My feet were going up in the air and the poison in my blood was starting to rush straight to my brain.

I started seeing a picture of a little snowy-headed boy.....and then I saw another flash of an older boy.... with snowy white hair. I was looking at this picture thinking, “Gee, he's got white hair,” and it suddenly occurred to me that I was looking at myself, that I was seeing my life go before me.

It was a frightening experience watching these pictures of my life in front of me, like a video playing, clear as crystal with my eyes wide open.

I looked and thought, “I've heard about this, and I've even read about it.

People say just before they die their life flashes before them.”

I said to myself, “I'm too young to die, why did I go diving?
What an idiot, I should have stayed at home.”

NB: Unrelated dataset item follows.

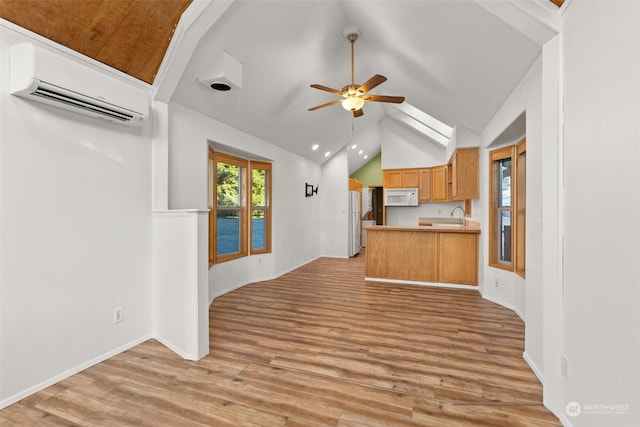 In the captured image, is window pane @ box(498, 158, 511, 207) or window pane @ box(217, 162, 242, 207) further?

My thoughts were racing. now that I knew I was confronted with imminent death.

I could hardly hear my heart beat and I lay there wondering what would happen if I died?

Is there anything after I die?

Where would I go if I died?

Then I saw a clear vision of my mother.

It was as though she was speaking out those words she had spoken so long ago; “Ian, no matter how far from God you are, no matter what you've done wrong, if you cry out to God from your heart, he will hear you and he will forgive you.”

In my heart I was thinking, “Do I believe there is a God?

Am I going to pray?”

I'd almost become a devout atheist. I didn't believe anybody.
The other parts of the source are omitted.